What needs to be done
Write out the data in full, exactly as shown.
START The data
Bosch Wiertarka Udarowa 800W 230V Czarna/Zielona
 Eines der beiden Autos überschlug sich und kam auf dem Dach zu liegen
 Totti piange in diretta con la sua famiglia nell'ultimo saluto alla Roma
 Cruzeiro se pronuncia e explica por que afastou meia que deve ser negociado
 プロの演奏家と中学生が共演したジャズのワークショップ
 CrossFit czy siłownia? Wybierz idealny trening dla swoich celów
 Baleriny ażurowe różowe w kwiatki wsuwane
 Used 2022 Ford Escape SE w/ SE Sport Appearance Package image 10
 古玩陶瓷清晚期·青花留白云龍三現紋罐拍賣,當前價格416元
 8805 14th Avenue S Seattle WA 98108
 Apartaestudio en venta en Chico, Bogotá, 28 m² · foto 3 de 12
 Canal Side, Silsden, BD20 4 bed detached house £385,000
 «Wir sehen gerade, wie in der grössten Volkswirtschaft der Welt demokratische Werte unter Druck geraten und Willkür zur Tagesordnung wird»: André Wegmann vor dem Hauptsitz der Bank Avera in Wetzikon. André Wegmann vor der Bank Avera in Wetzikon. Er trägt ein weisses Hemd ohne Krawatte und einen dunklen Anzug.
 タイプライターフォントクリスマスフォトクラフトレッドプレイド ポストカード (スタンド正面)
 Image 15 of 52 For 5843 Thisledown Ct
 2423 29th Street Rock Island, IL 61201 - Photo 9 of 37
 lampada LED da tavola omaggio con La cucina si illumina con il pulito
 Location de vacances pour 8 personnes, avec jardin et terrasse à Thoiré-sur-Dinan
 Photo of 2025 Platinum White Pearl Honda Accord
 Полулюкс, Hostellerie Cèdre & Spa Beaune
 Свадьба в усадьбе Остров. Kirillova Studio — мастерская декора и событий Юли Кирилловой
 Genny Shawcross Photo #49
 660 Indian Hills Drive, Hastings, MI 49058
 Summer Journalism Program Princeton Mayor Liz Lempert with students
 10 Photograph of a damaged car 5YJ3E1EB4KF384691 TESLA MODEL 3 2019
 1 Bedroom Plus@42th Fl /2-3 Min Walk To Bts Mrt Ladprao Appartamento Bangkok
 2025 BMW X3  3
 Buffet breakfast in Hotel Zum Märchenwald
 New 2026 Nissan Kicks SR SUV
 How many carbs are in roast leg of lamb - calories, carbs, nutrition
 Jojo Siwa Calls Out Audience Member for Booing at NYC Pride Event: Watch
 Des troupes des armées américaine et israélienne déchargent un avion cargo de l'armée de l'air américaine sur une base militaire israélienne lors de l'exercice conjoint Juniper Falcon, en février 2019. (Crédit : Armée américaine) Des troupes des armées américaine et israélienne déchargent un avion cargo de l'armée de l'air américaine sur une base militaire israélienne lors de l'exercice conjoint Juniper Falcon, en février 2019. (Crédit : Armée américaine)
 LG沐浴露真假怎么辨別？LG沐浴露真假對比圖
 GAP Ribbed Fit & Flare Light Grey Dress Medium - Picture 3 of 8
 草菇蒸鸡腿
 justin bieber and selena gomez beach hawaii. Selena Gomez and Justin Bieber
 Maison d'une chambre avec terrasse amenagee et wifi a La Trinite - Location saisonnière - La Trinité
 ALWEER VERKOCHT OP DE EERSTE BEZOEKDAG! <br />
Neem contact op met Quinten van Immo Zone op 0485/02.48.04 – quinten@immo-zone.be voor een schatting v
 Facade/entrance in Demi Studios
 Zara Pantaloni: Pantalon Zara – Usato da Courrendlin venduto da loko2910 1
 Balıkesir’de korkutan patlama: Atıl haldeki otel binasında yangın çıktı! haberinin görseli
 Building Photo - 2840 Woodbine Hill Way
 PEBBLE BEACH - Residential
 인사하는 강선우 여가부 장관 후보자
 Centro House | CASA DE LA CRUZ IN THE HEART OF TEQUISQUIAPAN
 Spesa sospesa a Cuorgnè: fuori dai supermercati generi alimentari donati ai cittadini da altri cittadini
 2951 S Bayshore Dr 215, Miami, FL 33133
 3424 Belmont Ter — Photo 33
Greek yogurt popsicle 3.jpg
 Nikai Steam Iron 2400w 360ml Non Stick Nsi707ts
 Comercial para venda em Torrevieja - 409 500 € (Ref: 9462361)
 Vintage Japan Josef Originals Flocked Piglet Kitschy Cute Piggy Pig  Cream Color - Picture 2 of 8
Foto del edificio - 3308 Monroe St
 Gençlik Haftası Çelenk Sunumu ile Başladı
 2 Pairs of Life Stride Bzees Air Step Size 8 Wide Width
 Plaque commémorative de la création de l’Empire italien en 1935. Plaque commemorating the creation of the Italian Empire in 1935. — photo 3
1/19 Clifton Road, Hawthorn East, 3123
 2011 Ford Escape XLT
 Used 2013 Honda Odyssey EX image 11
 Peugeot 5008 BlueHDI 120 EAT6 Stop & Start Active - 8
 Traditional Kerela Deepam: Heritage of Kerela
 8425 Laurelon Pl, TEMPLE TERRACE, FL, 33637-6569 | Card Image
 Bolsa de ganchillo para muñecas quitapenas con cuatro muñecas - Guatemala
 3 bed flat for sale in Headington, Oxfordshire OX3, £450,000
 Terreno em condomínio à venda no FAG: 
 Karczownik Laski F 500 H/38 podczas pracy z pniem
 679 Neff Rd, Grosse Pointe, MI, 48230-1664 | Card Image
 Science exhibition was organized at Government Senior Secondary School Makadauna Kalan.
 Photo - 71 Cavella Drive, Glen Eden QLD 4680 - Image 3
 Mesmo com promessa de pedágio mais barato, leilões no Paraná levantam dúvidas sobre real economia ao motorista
END The data
Reply to the task
Bosch Wiertarka Udarowa 800W 230V Czarna/Zielona
 Eines der beiden Autos überschlug sich und kam auf dem Dach zu liegen
 Totti piange in diretta con la sua famiglia nell'ultimo saluto alla Roma
 Cruzeiro se pronuncia e explica por que afastou meia que deve ser negociado
 プロの演奏家と中学生が共演したジャズのワークショップ
 CrossFit czy siłownia? Wybierz idealny trening dla swoich celów
 Baleriny ażurowe różowe w kwiatki wsuwane
 Used 2022 Ford Escape SE w/ SE Sport Appearance Package image 10
 古玩陶瓷清晚期·青花留白云龍三現紋罐拍賣,當前價格416元
 8805 14th Avenue S Seattle WA 98108
 Apartaestudio en venta en Chico, Bogotá, 28 m² · foto 3 de 12
 Canal Side, Silsden, BD20 4 bed detached house £385,000
 «Wir sehen gerade, wie in der grössten Volkswirtschaft der Welt demokratische Werte unter Druck geraten und Willkür zur Tagesordnung wird»: André Wegmann vor dem Hauptsitz der Bank Avera in Wetzikon. André Wegmann vor der Bank Avera in Wetzikon. Er trägt ein weisses Hemd ohne Krawatte und einen dunklen Anzug.
 タイプライターフォントクリスマスフォトクラフトレッドプレイド ポストカード (スタンド正面)
 Image 15 of 52 For 5843 Thisledown Ct
 2423 29th Street Rock Island, IL 61201 - Photo 9 of 37
 lampada LED da tavola omaggio con La cucina si illumina con il pulito
 Location de vacances pour 8 personnes, avec jardin et terrasse à Thoiré-sur-Dinan
 Photo of 2025 Platinum White Pearl Honda Accord
 Полулюкс, Hostellerie Cèdre & Spa Beaune
 Свадьба в усадьбе Остров. Kirillova Studio — мастерская декора и событий Юли Кирилловой
 Genny Shawcross Photo #49
 660 Indian Hills Drive, Hastings, MI 49058
 Summer Journalism Program Princeton Mayor Liz Lempert with students
 10 Photograph of a damaged car 5YJ3E1EB4KF384691 TESLA MODEL 3 2019
 1 Bedroom Plus@42th Fl /2-3 Min Walk To Bts Mrt Ladprao Appartamento Bangkok
 2025 BMW X3  3
 Buffet breakfast in Hotel Zum Märchenwald
 New 2026 Nissan Kicks SR SUV
 How many carbs are in roast leg of lamb - calories, carbs, nutrition
 Jojo Siwa Calls Out Audience Member for Booing at NYC Pride Event: Watch
 Des troupes des armées américaine et israélienne déchargent un avion cargo de l'armée de l'air américaine sur une base militaire israélienne lors de l'exercice conjoint Juniper Falcon, en février 2019. (Crédit : Armée américaine) Des troupes des armées américaine et israélienne déchargent un avion cargo de l'armée de l'air américaine sur une base militaire israélienne lors de l'exercice conjoint Juniper Falcon, en février 2019. (Crédit : Armée américaine)
 LG沐浴露真假怎么辨別？LG沐浴露真假對比圖
 GAP Ribbed Fit & Flare Light Grey Dress Medium - Picture 3 of 8
 草菇蒸鸡腿
 justin bieber and selena gomez beach hawaii. Selena Gomez and Justin Bieber
 Maison d'une chambre avec terrasse amenagee et wifi a La Trinite - Location saisonnière - La Trinité
 ALWEER VERKOCHT OP DE EERSTE BEZOEKDAG! <br />
Neem contact op met Quinten van Immo Zone op 0485/02.48.04 – quinten@immo-zone.be voor een schatting v
 Facade/entrance in Demi Studios
 Zara Pantaloni: Pantalon Zara – Usato da Courrendlin venduto da loko2910 1
 Balıkesir’de korkutan patlama: Atıl haldeki otel binasında yangın çıktı! haberinin görseli
 Building Photo - 2840 Woodbine Hill Way
 PEBBLE BEACH - Residential
 인사하는 강선우 여가부 장관 후보자
 Centro House | CASA DE LA CRUZ IN THE HEART OF TEQUISQUIAPAN
 Spesa sospesa a Cuorgnè: fuori dai supermercati generi alimentari donati ai cittadini da altri cittadini
 2951 S Bayshore Dr 215, Miami, FL 33133
 3424 Belmont Ter — Photo 33
Greek yogurt popsicle 3.jpg
 Nikai Steam Iron 2400w 360ml Non Stick Nsi707ts
 Comercial para venda em Torrevieja - 409 500 € (Ref: 9462361)
 Vintage Japan Josef Originals Flocked Piglet Kitschy Cute Piggy Pig  Cream Color - Picture 2 of 8
Foto del edificio - 3308 Monroe St
 Gençlik Haftası Çelenk Sunumu ile Başladı
 2 Pairs of Life Stride Bzees Air Step Size 8 Wide Width
 Plaque commémorative de la création de l’Empire italien en 1935. Plaque commemorating the creation of the Italian Empire in 1935. — photo 3
1/19 Clifton Road, Hawthorn East, 3123
 2011 Ford Escape XLT
 Used 2013 Honda Odyssey EX image 11
 Peugeot 5008 BlueHDI 120 EAT6 Stop & Start Active - 8
 Traditional Kerela Deepam: Heritage of Kerela
 8425 Laurelon Pl, TEMPLE TERRACE, FL, 33637-6569 | Card Image
 Bolsa de ganchillo para muñecas quitapenas con cuatro muñecas - Guatemala
 3 bed flat for sale in Headington, Oxfordshire OX3, £450,000
 Terreno em condomínio à venda no FAG: 
 Karczownik Laski F 500 H/38 podczas pracy z pniem
 679 Neff Rd, Grosse Pointe, MI, 48230-1664 | Card Image
 Science exhibition was organized at Government Senior Secondary School Makadauna Kalan.
 Photo - 71 Cavella Drive, Glen Eden QLD 4680 - Image 3
 Mesmo com promessa de pedágio mais barato, leilões no Paraná levantam dúvidas sobre real economia ao motorista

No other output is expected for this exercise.